PS: Note - FYI, Proteins are by far the most structurally complex and functionally sophisticated molecules known. This is perhaps not surprising, once one realizes that the structure and chemistry of each protein has been developed and fine-tuned over billions of years of evolutionary history.
The shape of the protein is detremined by it's amino acid sequence. There are 20 types of amino acids in proteins, each with different chemical properties. A protein molecule is made from a long chain of these amino acids, each linked to its neighbour through a covalent peptide bond. Proteins are therefore also known as polypeptides.
Had anyone read my Covid posts they would recall once I commented on calculaitng how many Covid variants are theoretically possible. Because there's an overall governing law of protein folding. Proteins Fold into a Conformation of Lowest Energy.
Each protein normally folds up into a single stable conformation. However, the conformation often changes slightly when the protein interacts with other molecules in the cell. This change in shape is often crucial to the function of the protein.

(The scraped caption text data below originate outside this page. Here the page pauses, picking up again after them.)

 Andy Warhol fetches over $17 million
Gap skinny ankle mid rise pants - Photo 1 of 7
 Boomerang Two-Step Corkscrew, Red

Since each of the 20 amino acids is chemically distinct and each can, in principle, occur at any position in a protein chain, there are 20 × 20 × 20 × 20 = 160,000 different possible polypeptide chains four amino acids long, or 20^n different possible polypeptide chains n amino acids long. For a typical protein length of about 300 amino acids, more than 20^300 different polypeptide chains could theoretically be made. This is such an enormous number that to produce just one molecule of each kind would require many more atoms than exist in the universe.

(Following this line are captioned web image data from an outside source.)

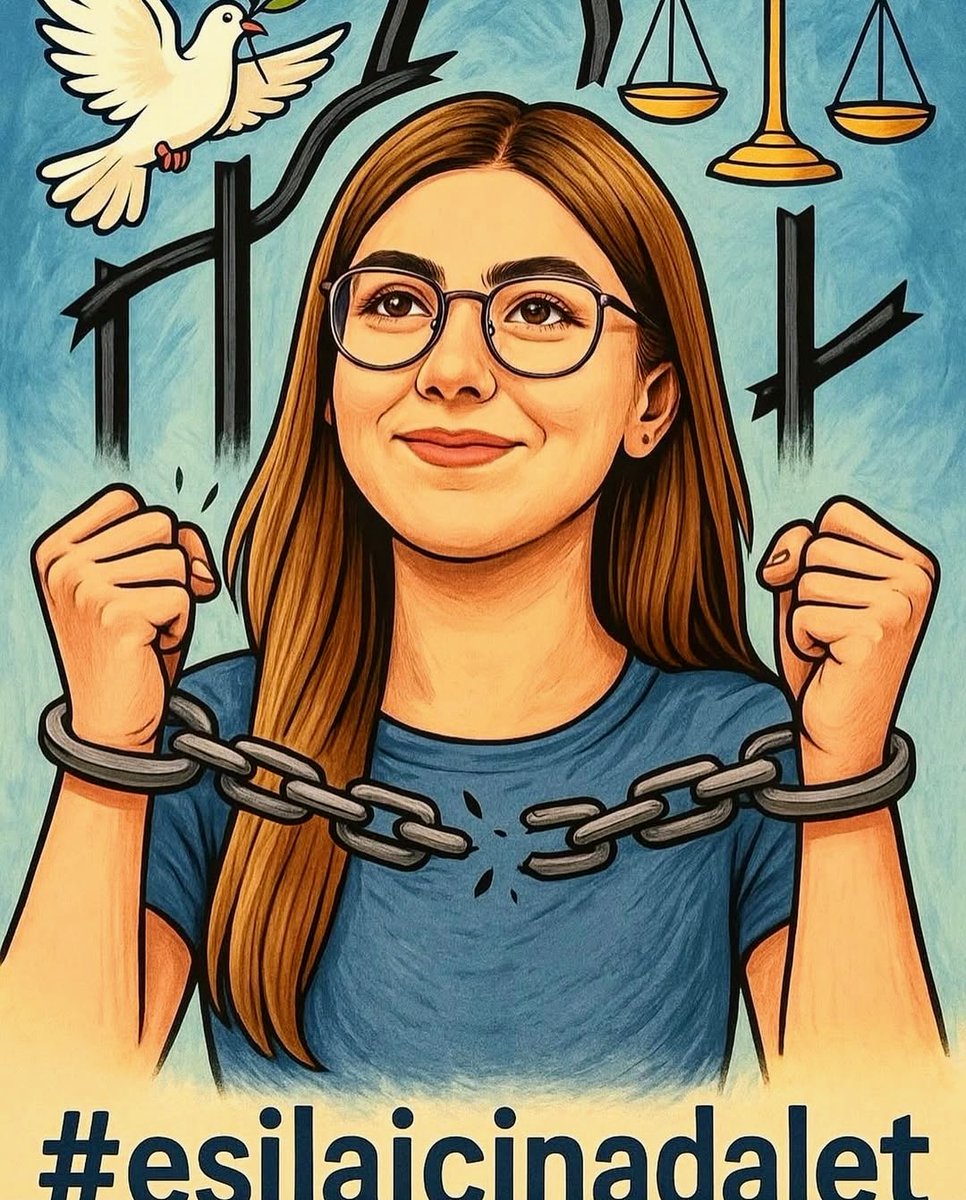 Hak, hukuk ⚖️, adalet. Çok şeymi istiyor millet? 🇹🇷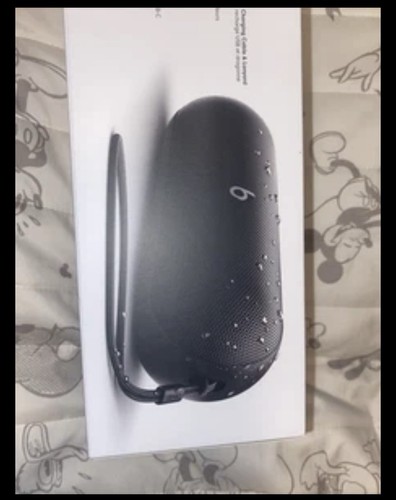 Haut-parleur Bluetooth portable sans fil Beats Pill - Noir *NEUF SCELLÉ*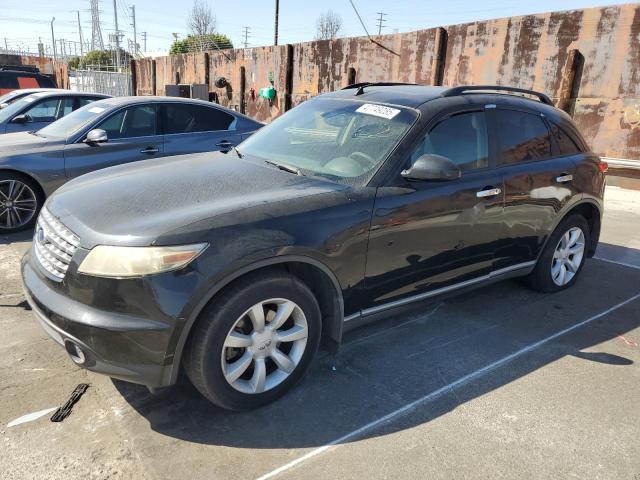 Photo 1 from auction – 2003 INFINITI FX35 with VIN JNRAS08U53X000898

Only a very small fraction of this vast set of conceivable polypeptide chains would adopt a single, stable three-dimensional conformation—by some estimates, less than one in a billion. The vast majority of possible protein molecules could adopt many conformations of roughly equal stability, each conformation having different chemical properties. And yet virtually all proteins present in cells adopt unique and stable conformations. How is this possible? The answer lies in natural selection. A protein with an unpredictably variable structure and biochemical activity is unlikely to help the survival of a cell that contains it. Such proteins would therefore have been eliminated by natural selection through the enormously long trial-and-error process that underlies biological evolution.